La Valle d’Aosta e la permeabilità della ‘ndrangheta
di Marika Demaria da Narcomafie del 17 ott 2011
«La Valle d’Aosta è permeabile alle infiltrazioni mafiose. Non si può immaginare che questa regione sia immune dal fenomeno». L’ultimo grido d’allarme relativo alla presenza della criminalità organizzata in Valle d’Aosta – in modo particolare della ‘ndrangheta – è lanciato dal pm Mario Andrigo che dal 1998 all’aprile di quest’anno è stato sostituto procuratore della Dda di Reggio Calabria, prima di trasferirsi presso la Procura di Vigevano. Il pm del processo per l’omicidio di Francesco Fortugno (ucciso esattamente 6 anni fa, il 16 ottobre 2005) – dal quale «è scaturita la vicenda del consigliere Domenico Crea», come ricorda lo stesso magistrato – è stato ospite, insieme allo scrittore Lele Rozza con cui ha redatto Le radici della ‘ndrangheta, di un appuntamento organizzato dal Comando di Aosta dell’Arma dei Carabinieri e da Libera Valle d’Aosta.
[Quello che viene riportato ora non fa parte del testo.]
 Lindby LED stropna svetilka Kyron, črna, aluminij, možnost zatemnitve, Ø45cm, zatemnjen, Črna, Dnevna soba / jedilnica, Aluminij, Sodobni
I relatori, l’indomani mattina (sabato 15), hanno incontrato alcune classi degli istituti superiori aostani. Le sottolineature fatte dai tre esponenti della magistratura, delle forze dell’ordine e del mondo della comunicazione ricalcano quelle già offerte nel corso di altri incontri organizzati da Libera Valle d’Aosta. Tornano alla mente le parole del professore universitario Nando dalla Chiesa che parlò di «presunzione di verginità in una regione di confine, dove sono presenti benessere economico e una casa da gioco» e dell’onorevole Angela Napoli, che apostrofò come «dormienti» la politica e la società locali, incapaci fino in fondo di avere consapevolezza del fenomeno. I due appuntamenti hanno destato l’attenzione non solamente dei mass-media valdostani, ma anche di altre testate diffuse sul territorio nazionale. L’edizione di ieri, 16 ottobre, del «Quotidiano della Calabria» ha infatti ripreso gli interventi del dottor Mario Andrigo e del Comandante Guido Di Vita in due articoli – “‘Ndrangheta, politici incapaci di reagire” e “Un locale aperto ai piedi delle Alpi pilotato dai potenti boss che sono operativi nella Locride” – rispettivamente a firma di Giuseppe Baldessarro e Giovanni Verduci.